Posted by John Donovan: 3 June 2024

Shell’s Seismic Tantrum: Court Smacks Down Oil Giant’s Appeal But Leaves Door Open for Another Round of Environmental Nonsense

Environmental Activists Win Against Shell In Appeal Court

In a classic case of corporate shenanigans, Shell and their cronies at Impact Africa, along with the Department of Mineral Resources and Energy (DMRE), just had their appeal smacked down by the Supreme Court of Appeal (SCA). Their aim? To overturn a High Court ruling that halted their oh-so-important seismic survey off the Wild Coast. Why the halt? Apparently, “community participation” was more of a bad joke than a reality.

The SCA dismissed their appeal with costs and pointed out that the so-called community involvement was downright “illusory.” Translation: Shell’s idea of consulting the local communities was about as real as a unicorn. But hold onto your hats, because the court did leave a teeny-tiny crack open for Shell and Impact Africa to make a third attempt to renew their 2014 exploration rights. Of course, this time, they actually have to talk to the people whose lives they’re screwing over.

Despite this slap on the wrist, the court’s ruling still emphasizes that proper consultation with the affected communities—who say the seismic survey will mess with their livelihoods—is non-negotiable. The High Court had already given the environmental activists a big win in 2022, calling out the 2014 exploration right as unlawful. But Shell, ever persistent in their quest to drill and destroy, appealed, claiming their half-assed public participation and outdated Environmental Management Programme were good enough.

Judge Nathan Ponnan wasn’t having any of Shell’s nonsense. In a unanimous ruling, he underscored that the right to fair administrative action is entrenched in the Bill of Rights. He called out the laughable consultation process, noting that notices in English and Afrikaans were about as useful as a chocolate teapot since most of the community speaks isiXhosa or isiMpondo.

The kicker? The notices were buried in newspapers nobody reads. If Shell really wanted to “engage meaningfully,” they should have used local languages and accessible media, like radio. Judge Ponnan made it clear: the process was “more illusory than real,” and fundamentally inadequate.

But don’t break out the champagne just yet. The court suspended the High Court’s orders that had set aside Shell’s exploration rights, pending a further application. This means Shell’s permit is still technically valid while they scramble to patch up their shoddy consultation process.

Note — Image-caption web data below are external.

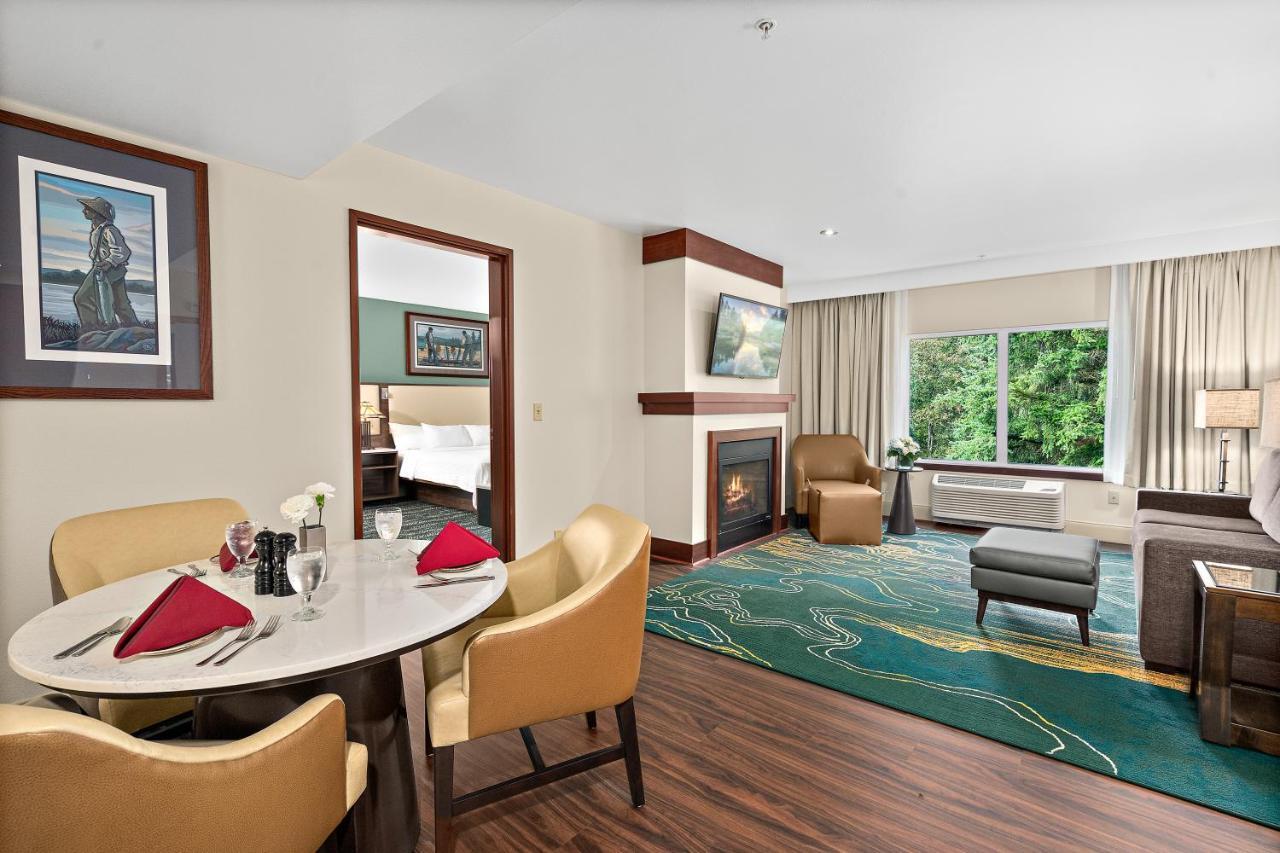 Lucky Eagle Casino & Hotel Rochester Bagian luar foto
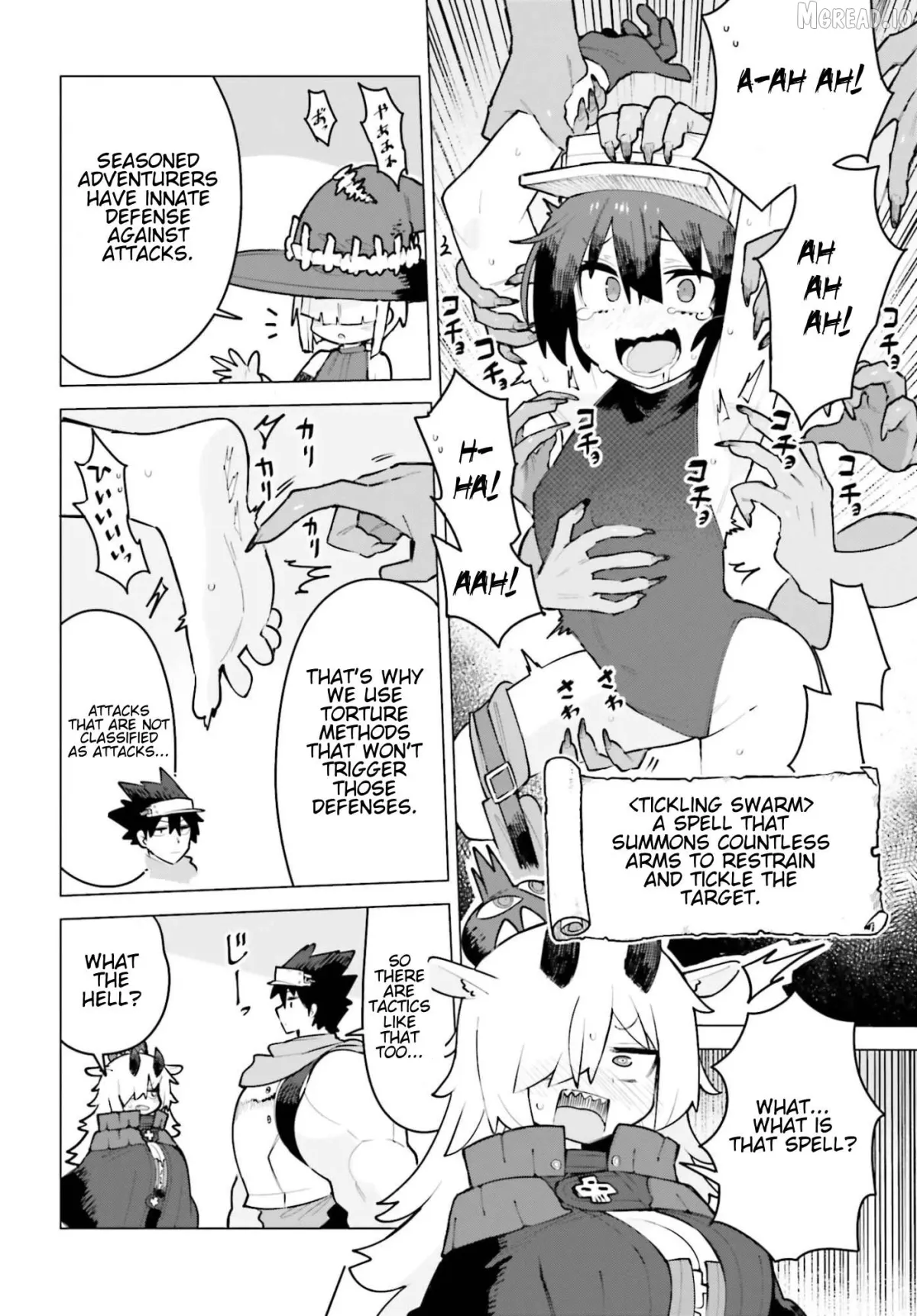 Dungeon Master wa Shinken Shoubu ga Shitai no ni！ Chapter 6 page 2 - 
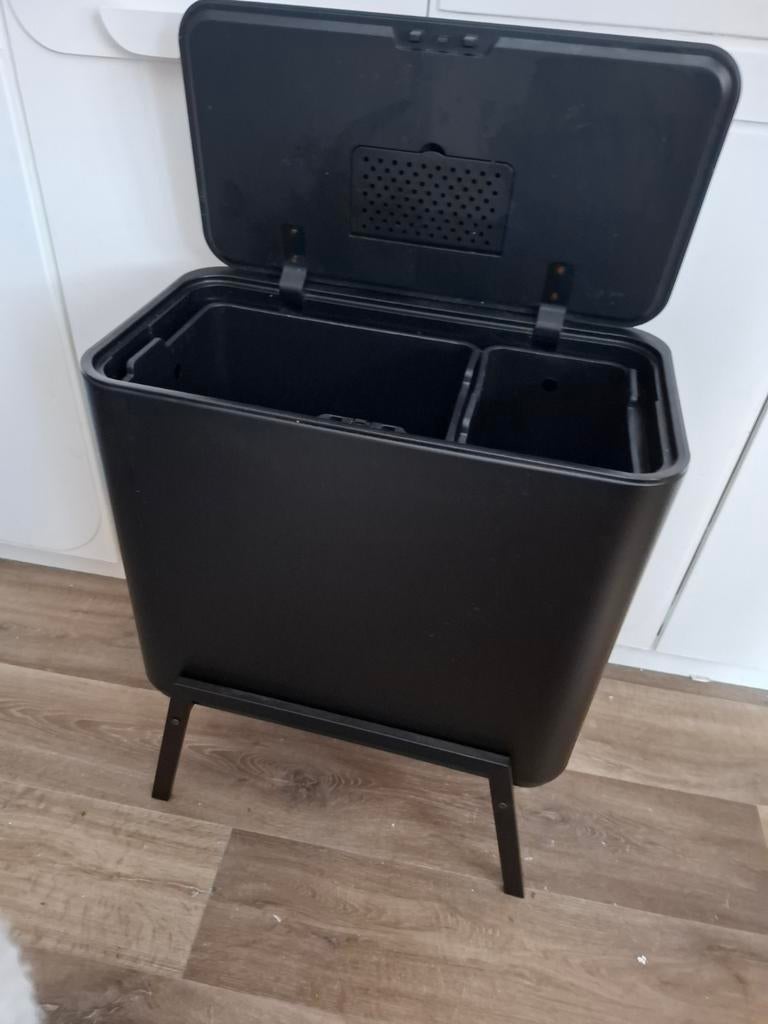 Mooie vuilbak , nieuw 125 €, Huis en Inrichting, Ophalen of Verzenden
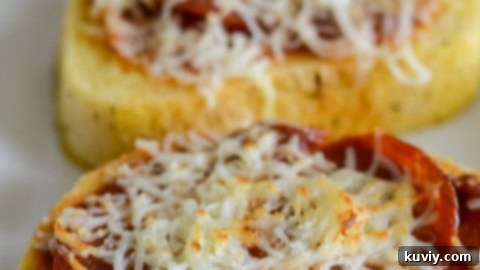 Quick and cheesy Air Fryer Garlic Bread Pizza Toast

Shell, of course, is putting on a brave face. Spokesperson Pam Ntaka said, “Shell respects the court’s decision to dismiss the appeal. However, we welcome the court’s direction that the exploration right remains valid, subject to further public consultation and the renewal application.” Translation: “We’re down, but not out. And we’re still coming for that oil.”

The Legal Resources Centre’s Wilmien Wicomb hit the nail on the head, saying the judgment reaffirmed the importance of respecting local community rights. But she also expressed disappointment that the court gave Shell yet another chance to renew their exploration right, questioning how a renewal ten years after the original (unlawful) permit was granted can possibly make things right.

Sinegugu Zukulu of Sustaining the Wild Coast added that the ruling disregards the rights of current and future generations to a life free from climate crises. And there you have it: Shell, ever the environmental villain, gets another shot at redemption while the rest of us watch in horror.